|Born||September 14, 1860
West Salem, Wisconsin
|Died||March 4, 1940
|Occupation||Novelist, poet, psychical researcher, writer|
Hannibal Hamlin Garland (September 14, 1860 – March 4, 1940) was a Pulitzer prizewinning American novelist, poet, essayist, and short story writer, Georgist, and psychical researcher. He is best known for his fiction involving hard-working Midwestern farmers.
Hannibal Hamlin Garland was born on a farm near West Salem, Wisconsin, on September 14, 1860, the second of four children of Richard Garland of Maine and Charlotte Isabelle McClintock. The boy was named after Hannibal Hamlin, the candidate for vice-president under Abraham Lincoln. He lived on various Midwestern farms throughout his young life, but settled in Boston, Massachusetts, in 1884 to pursue a career in writing.
He read diligently in the Boston Public Library. There he became enamored with the ideas of Henry George, and his Single Tax Movement. George's ideas came to influence a number of his works, such as Main-Travelled Roads (1891), Prairie Folks (1892), and his novel Jason Edwards (1892).
Main-Travelled Roads was his first major success. It was a collection of short stories inspired by his days on the farm. He serialized a biography of Ulysses S. Grant in McClure's Magazine before publishing it as a book in 1898. The same year, Garland traveled to the Yukon to witness the Klondike Gold Rush, which inspired The Trail of the Gold Seekers (1899). He lived on a farm between Osage, and St. Ansgar, Iowa for quite some time. Many of his writings are based on this era of his life.
A prolific writer, Garland continued to publish novels, short fiction, and essays. In 1917, he published his autobiography, A Son of the Middle Border. The book's success prompted a sequel, A Daughter of the Middle Border, for which Garland won the 1922 Pulitzer Prize for Biography. After two more volumes, Garland began a second series of memoirs based on his diary. Garland naturally became quite well known during his lifetime and had many friends in literary circles. He was made a member of the American Academy of Arts and Letters in 1918.
After moving to Hollywood, California, in 1929, he devoted his remaining years to investigating psychic phenomena, an enthusiasm he first undertook in 1891. In his final book, The Mystery of the Buried Crosses (1939), he tried to defend such phenomena and prove the legitimacy of psychic mediums.
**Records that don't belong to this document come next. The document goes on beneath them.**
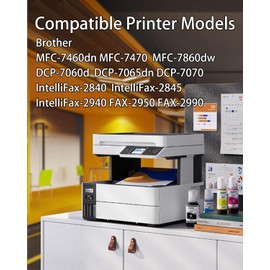 K-ZIN TN450 TN420 Toner Cartridge(with Chip) Compatible with Brother TN450 TN420 Toner for HL-2220 HL-2230 HL-2240 HL-2250 HL-2270DW HL-2280DW MFC-7860DW DCP-7060D Printer (Black,1 Pack)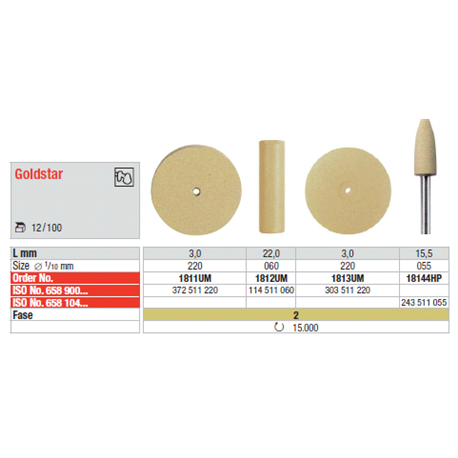 ABRASIVI 1811 pz.100 GIALLI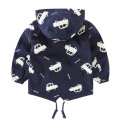 FOCUSNORM Winter Kids Boys Coat Outwear Cartoon Print Long Sleeve Hooded Zipper Warm Parkas 2 Colors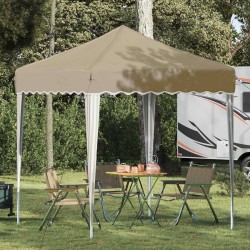 Tente de fête pop-up 195 x 195 x 245 cm Crème Tissu Oxford 639630639630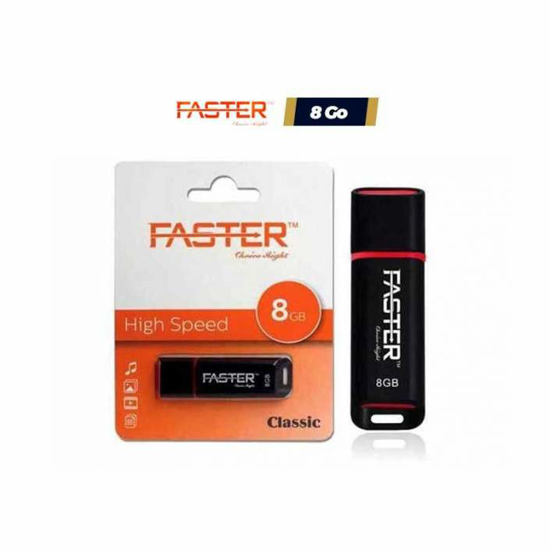 Image sur Clé USB FASTER - 16Go - Noir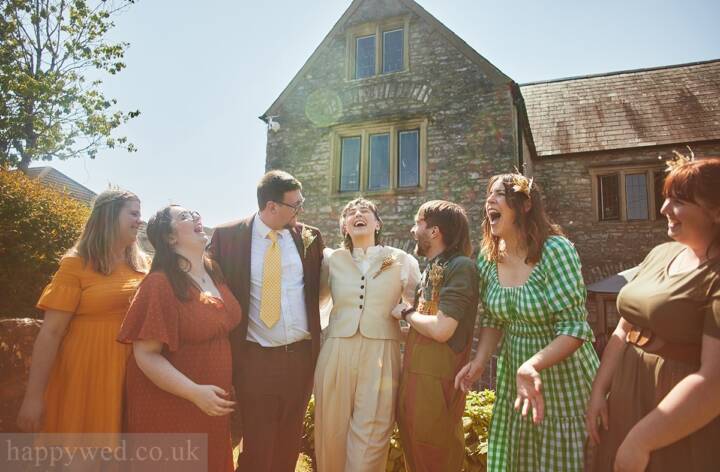 getting married at the Great House hotel in Bridgend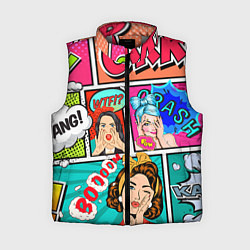 Женский жилет POP ART, цвет: 3D-светло-серый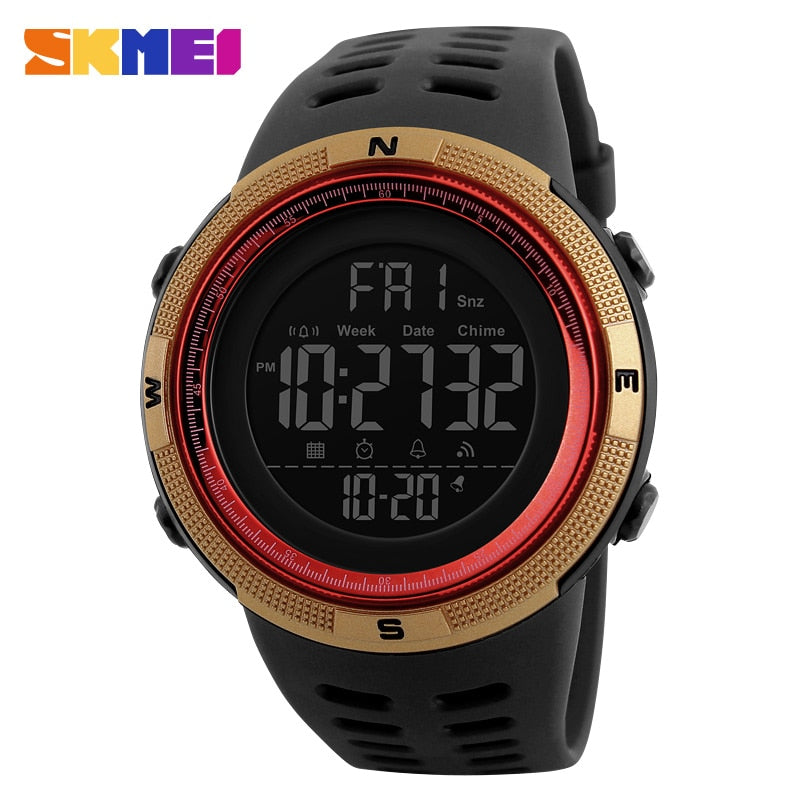 SKMEI Men Watches Sports Countdown Double Time Watch Alarm Chrono Digital Wristwatches Man Clock Waterproof Relogio Masculino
A friend, Lee Shippey, columnist for the Los Angeles Times, recalled Garland's regular system of writing:
. . . he got up at half past five, brewed a pot of coffee and made toast on an electric gadget in his study and was at work by six. At nine o'clock he was through with work for the day. Then he breakfasted, read the morning paper and attended to his personal mail. . . . After luncheon he and Mrs. Garland would take a long drive . . . . Sometimes they would drop in on Will Rogers, Will Durant, Robert Benchley or even on me, for their range of friends was very wide. . . . After dinner they would go to a show if an exceptionally good one were in town, otherwise one of their daughters would read aloud.
Garland died at age 79, at his home in Hollywood on March 4, 1940. A memorial service was held three days later near his home in Glendale, California. His ashes were buried in Neshonoc Cemetery in West Salem, Wisconsin, on March 14; his poem "The Cry of the Age" was read by Reverend John B. Fritz.
The Hamlin Garland House in West Salem is a historical site.